I’ll typically work on music or video art for a few hours at that point, take a break to give my dog her evening walk, and cook dinner for myself. I’ll watch an episode of TV or a movie, then get back to working on music for another hour and a half. I sleep fairly early, around 10:30 PM every night. And that’s a pretty typical day for my creative practice!
 
Could you describe your creative process on the basis of a piece, live performance or album that's particularly dear to you, please?

In regards to my latest album, Fractured Whole, I composed this music over the course of about a year and a half. The only source material on the album was my voice, which was an intentional limitation I placed on myself to avoid getting overwhelmed by the infinite possibilities that computer music affords.

Typically, I would come up with vocal riffs while I was on walks or hikes, record them as voice memos in my phone, and then come back and lay some rough takes down. I found a number of plugins and tools that yielded especially interesting results from my voice, so I’d play around with these until something sounded uncanny, bizarre, or unusual. These recordings would often become the central points around which I’d write the songs, such as in “Precipice,” where I created these sweeping, glitchy, rhythmic sections through this experimentation process.

I’d add layers and build from there, often thinking of the tracks as having different movements, like in symphonic music. At this point, I’d get feedback from a trusted producer friend or my producer meetup group, who helped me quite a bit during the composition process. I’d then consider the feedback, refine, tweak, and play it for them again until I was satisfied with the result.
 
Listening can be both a solitary and a communal activity. Likewise, creating music can be private or collaborative. Can you talk about your preferences in this regard and how these constellations influence creative results?

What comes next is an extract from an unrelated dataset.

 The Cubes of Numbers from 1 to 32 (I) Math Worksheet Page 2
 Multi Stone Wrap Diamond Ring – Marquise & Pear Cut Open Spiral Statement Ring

I love both solitary and collaborative modes of listening and creation, and they are both crucial to the creative process. Even if I’m composing on my own (as I most often am), I’m still engaging other people who I trust throughout the process, asking for feedback and input along the way.

Though I’m definitely more of a solitary and introverted person, I wouldn’t want to make art completely in a self-isolated vacuum.
 
How do your work and your creativity relate to the world and what is the role of music in society?

I think the role of any art form is to communicate and engage in dialogue with others; to impress upon individuals that they do share core experiences, thoughts and feelings with humanity at large. When you truly connect to someone’s art, it is a means, I believe, of reaching out into the void to find there’s someone else there.

We have such a tendency in this culture to feel the need to perform this hyper individualistic, self-sufficient role that is divorced from the reality that we are a social species. We require one another to thrive. I think good music reminds you of this, and at best, can encourage you to seek out more of this interdependency where you may lack it.

Art can be a way of dealing with the big topics in life: Life, loss, death, love, pain, and many more. In which way and on which occasions has music – both your own or that of others - contributed to your understanding of these questions?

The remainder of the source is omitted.